• REQUIRED ACTION:
Produce as output only the lines below starting at the line with "It's a Good" and continuing through the line with "ساره بیات در", each one exactly as written.

• SOURCE DATA:
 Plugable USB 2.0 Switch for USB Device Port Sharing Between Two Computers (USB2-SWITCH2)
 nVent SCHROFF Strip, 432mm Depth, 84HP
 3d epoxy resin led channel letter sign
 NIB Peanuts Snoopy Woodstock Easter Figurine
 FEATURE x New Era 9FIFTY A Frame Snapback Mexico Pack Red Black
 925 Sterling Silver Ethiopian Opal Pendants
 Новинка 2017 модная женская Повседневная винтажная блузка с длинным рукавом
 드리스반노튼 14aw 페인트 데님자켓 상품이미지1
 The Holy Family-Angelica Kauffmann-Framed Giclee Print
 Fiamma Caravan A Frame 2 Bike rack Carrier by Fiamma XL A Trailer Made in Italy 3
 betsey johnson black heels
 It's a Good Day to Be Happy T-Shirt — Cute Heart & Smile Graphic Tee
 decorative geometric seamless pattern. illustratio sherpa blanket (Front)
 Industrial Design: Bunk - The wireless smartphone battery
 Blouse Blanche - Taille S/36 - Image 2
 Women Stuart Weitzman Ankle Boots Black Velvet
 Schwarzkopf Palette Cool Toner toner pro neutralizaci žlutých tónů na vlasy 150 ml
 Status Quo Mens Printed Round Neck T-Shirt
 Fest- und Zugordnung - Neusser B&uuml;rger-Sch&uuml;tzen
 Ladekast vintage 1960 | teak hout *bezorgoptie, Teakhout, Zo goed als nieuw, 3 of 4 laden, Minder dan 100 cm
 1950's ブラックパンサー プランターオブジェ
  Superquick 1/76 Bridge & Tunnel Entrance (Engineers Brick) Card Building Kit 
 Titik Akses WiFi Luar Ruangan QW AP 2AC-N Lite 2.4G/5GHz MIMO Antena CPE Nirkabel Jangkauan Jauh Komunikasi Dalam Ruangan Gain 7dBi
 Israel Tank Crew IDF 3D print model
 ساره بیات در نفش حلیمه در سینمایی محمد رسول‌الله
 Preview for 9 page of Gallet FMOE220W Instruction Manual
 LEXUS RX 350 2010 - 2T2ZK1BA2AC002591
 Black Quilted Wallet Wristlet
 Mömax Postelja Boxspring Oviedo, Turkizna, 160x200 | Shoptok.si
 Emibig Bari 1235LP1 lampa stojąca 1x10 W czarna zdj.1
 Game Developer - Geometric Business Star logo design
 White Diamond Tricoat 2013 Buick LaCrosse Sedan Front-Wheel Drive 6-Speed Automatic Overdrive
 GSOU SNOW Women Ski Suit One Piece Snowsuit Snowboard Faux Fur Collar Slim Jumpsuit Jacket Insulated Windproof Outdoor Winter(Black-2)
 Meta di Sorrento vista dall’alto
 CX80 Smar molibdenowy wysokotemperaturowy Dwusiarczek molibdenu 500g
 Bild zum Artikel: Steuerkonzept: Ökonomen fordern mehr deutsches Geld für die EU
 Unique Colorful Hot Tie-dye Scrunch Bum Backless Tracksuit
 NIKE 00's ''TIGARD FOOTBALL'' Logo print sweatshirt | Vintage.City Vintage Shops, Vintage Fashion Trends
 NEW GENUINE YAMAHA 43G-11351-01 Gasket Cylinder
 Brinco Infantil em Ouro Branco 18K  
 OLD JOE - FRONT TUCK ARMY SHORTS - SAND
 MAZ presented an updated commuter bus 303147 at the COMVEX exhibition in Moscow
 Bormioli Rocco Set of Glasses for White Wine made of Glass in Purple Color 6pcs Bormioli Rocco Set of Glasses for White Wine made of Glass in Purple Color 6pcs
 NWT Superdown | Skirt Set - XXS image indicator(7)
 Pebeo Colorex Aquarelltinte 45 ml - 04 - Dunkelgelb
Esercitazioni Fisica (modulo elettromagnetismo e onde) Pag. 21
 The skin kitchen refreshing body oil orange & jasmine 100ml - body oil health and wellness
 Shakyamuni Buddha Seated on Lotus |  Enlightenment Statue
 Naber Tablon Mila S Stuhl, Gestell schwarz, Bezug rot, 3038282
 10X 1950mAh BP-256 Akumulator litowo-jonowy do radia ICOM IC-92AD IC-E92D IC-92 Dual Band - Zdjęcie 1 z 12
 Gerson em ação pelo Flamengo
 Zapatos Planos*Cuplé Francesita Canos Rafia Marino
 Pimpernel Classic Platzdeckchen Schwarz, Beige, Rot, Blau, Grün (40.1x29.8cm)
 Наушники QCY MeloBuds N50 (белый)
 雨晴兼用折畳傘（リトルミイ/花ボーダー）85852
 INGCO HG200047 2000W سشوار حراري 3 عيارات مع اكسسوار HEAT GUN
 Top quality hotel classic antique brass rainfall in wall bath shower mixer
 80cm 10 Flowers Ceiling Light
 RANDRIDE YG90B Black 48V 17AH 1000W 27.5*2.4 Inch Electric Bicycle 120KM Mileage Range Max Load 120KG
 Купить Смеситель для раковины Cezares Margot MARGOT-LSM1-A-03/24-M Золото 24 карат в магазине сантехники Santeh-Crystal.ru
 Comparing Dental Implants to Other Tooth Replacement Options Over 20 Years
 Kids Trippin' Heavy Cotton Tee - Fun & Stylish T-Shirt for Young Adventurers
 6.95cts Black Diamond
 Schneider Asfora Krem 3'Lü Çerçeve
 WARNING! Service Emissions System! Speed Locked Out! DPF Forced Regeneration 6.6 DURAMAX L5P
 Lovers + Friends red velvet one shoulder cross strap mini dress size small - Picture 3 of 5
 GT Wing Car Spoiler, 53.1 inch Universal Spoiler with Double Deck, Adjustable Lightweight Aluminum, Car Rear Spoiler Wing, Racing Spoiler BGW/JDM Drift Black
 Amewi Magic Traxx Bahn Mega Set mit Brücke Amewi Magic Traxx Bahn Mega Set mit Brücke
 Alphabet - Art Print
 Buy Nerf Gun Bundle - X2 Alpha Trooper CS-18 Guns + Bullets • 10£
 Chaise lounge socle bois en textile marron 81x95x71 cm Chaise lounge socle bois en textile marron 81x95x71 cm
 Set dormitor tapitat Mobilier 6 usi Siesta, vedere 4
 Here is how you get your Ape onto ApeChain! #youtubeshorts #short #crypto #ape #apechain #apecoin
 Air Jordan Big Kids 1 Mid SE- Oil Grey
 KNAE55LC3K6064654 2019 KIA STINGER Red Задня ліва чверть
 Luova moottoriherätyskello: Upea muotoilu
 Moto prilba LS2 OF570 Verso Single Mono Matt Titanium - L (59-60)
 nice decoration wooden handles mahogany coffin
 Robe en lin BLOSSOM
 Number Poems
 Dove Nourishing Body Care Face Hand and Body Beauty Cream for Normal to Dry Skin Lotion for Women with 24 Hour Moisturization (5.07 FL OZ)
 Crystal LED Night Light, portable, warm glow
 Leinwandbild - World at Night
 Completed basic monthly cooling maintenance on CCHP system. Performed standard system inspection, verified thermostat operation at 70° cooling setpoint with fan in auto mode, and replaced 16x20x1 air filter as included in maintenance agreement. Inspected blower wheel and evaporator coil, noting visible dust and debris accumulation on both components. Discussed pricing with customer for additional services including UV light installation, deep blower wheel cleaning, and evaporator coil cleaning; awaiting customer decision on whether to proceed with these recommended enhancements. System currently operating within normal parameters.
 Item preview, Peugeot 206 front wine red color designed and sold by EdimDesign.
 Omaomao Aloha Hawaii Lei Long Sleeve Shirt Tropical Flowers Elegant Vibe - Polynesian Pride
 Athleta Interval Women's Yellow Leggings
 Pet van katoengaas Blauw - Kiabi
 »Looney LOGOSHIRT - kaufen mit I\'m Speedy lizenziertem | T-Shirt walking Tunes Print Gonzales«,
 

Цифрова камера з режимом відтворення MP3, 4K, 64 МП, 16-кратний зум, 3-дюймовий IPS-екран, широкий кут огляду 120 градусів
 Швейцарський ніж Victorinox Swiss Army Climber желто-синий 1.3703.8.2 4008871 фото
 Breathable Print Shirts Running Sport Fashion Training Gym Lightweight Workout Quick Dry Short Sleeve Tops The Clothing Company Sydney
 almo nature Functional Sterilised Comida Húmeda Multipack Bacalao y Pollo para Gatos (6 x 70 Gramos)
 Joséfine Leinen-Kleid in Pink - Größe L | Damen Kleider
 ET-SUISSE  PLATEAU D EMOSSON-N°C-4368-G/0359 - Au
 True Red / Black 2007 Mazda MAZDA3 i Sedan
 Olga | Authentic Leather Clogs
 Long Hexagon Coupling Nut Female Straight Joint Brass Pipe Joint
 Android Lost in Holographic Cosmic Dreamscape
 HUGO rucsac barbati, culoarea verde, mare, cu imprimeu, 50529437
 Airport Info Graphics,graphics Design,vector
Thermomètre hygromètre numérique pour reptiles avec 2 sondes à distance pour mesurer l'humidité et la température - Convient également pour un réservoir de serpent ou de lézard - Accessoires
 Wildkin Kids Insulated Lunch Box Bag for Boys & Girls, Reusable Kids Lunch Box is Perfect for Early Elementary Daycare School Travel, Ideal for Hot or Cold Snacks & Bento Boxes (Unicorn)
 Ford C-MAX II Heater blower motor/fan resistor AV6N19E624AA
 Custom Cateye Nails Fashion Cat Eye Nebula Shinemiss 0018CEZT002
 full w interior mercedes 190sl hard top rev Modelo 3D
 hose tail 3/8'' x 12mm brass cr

• COMPLETED EXERCISE:
 It's a Good Day to Be Happy T-Shirt — Cute Heart & Smile Graphic Tee
 decorative geometric seamless pattern. illustratio sherpa blanket (Front)
 Industrial Design: Bunk - The wireless smartphone battery
 Blouse Blanche - Taille S/36 - Image 2
 Women Stuart Weitzman Ankle Boots Black Velvet
 Schwarzkopf Palette Cool Toner toner pro neutralizaci žlutých tónů na vlasy 150 ml
 Status Quo Mens Printed Round Neck T-Shirt
 Fest- und Zugordnung - Neusser B&uuml;rger-Sch&uuml;tzen
 Ladekast vintage 1960 | teak hout *bezorgoptie, Teakhout, Zo goed als nieuw, 3 of 4 laden, Minder dan 100 cm
 1950's ブラックパンサー プランターオブジェ
  Superquick 1/76 Bridge & Tunnel Entrance (Engineers Brick) Card Building Kit 
 Titik Akses WiFi Luar Ruangan QW AP 2AC-N Lite 2.4G/5GHz MIMO Antena CPE Nirkabel Jangkauan Jauh Komunikasi Dalam Ruangan Gain 7dBi
 Israel Tank Crew IDF 3D print model
 ساره بیات در نفش حلیمه در سینمایی محمد رسول‌الله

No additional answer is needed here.